# Time Series Forecasting with "Shallow Learning"

Before we get to ML techniques commonly called "deep learning" (e.g. **recurrent neural networks**), let's see what we can do with simpler ML methods. These techniques are the topic of our course [📓 Machine Learning with Python](../index/mlp2-machine-learning-python.ipynb), and the library `scikit-learn` provides most of the code needed. We assume that you are familiar with the concepts.

## Preamble

In [None]:
import pandas

In [None]:
import matplotlib.pyplot as plt

In [None]:
import data_science_learning_paths
import forecast_lab

In [None]:
data_science_learning_paths.setup_plot_style()

## Example: Forecasting Taxi Trips

In [None]:
taxi_trips = data_science_learning_paths.datasets.read_chicago_taxi_trips_daily()

In [None]:
taxi_trips.head()

## Transform to Supervised Learning Problem

It is possible to pack a time series forecasting problem into the traditional form for supervised machine learning: A set of labelled observations, more specifically a matrix $X$ of feature values and a vector $y$ of labels .

In [None]:
from forecast_lab import transform_to_labelled_points

In [None]:
transform_to_labelled_points??

In [None]:
X_train, y_train = transform_to_labelled_points(taxi_trips["Trips"][:1000], 10)

In [None]:
X_test, y_test = transform_to_labelled_points(taxi_trips["Trips"][1000:2000], 10)

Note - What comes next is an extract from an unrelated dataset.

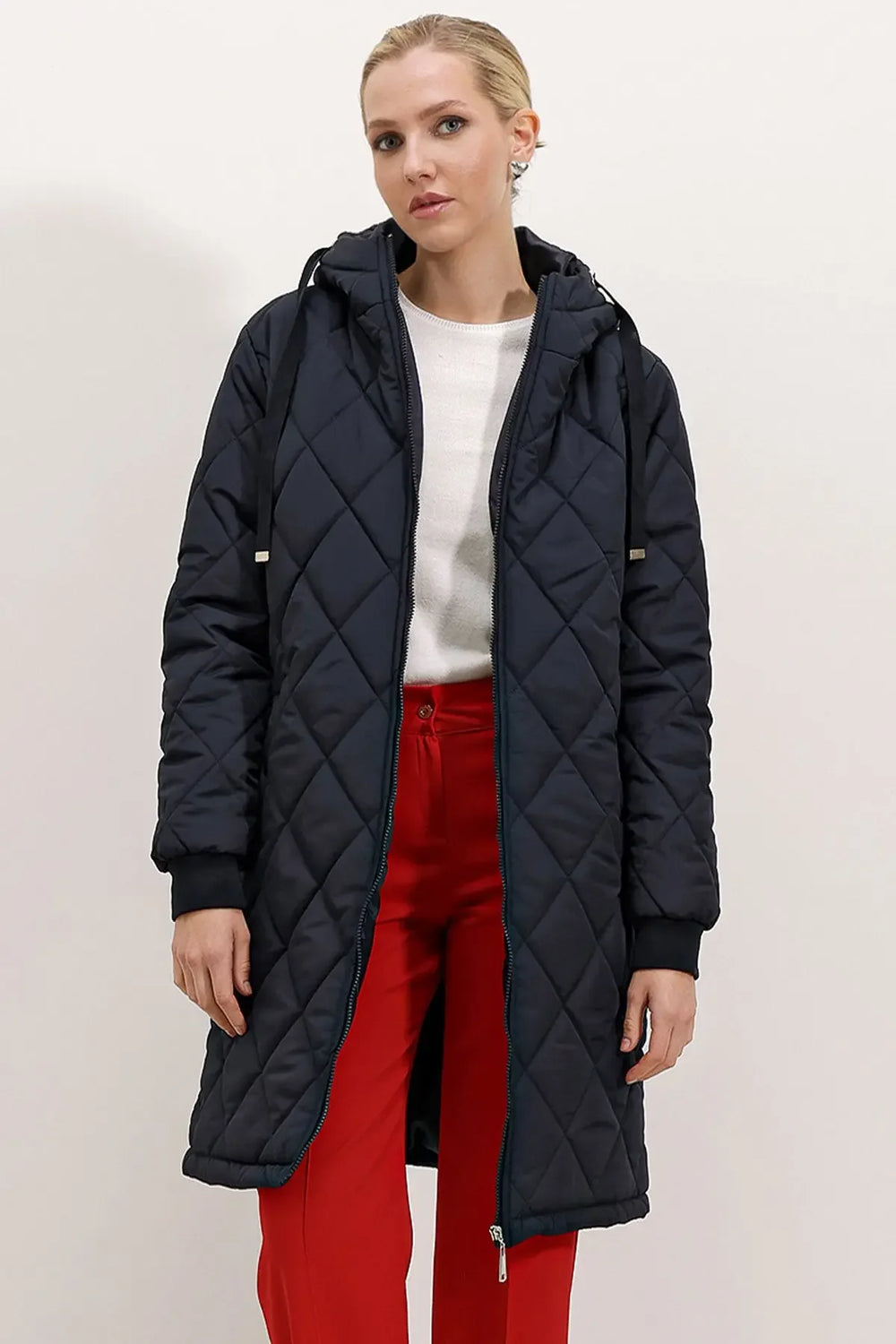 Manteau Long Matelassé Femme à Capuche – Coupe Moderne & Confort Thermique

We now have the data in the familiar format for supervised learning: A feature matrix $X$ and a label vector $y$ - only that the features are the preceding $w$ values of the time series.

In [None]:
X_train.head()

In [None]:
y_train.head()

We can now fit ML models, e.g. from **scikit-learn**:

In [None]:
import sklearn

In [None]:
from sklearn.ensemble import GradientBoostingRegressor

In [None]:
model = GradientBoostingRegressor().fit(X_train, y_train)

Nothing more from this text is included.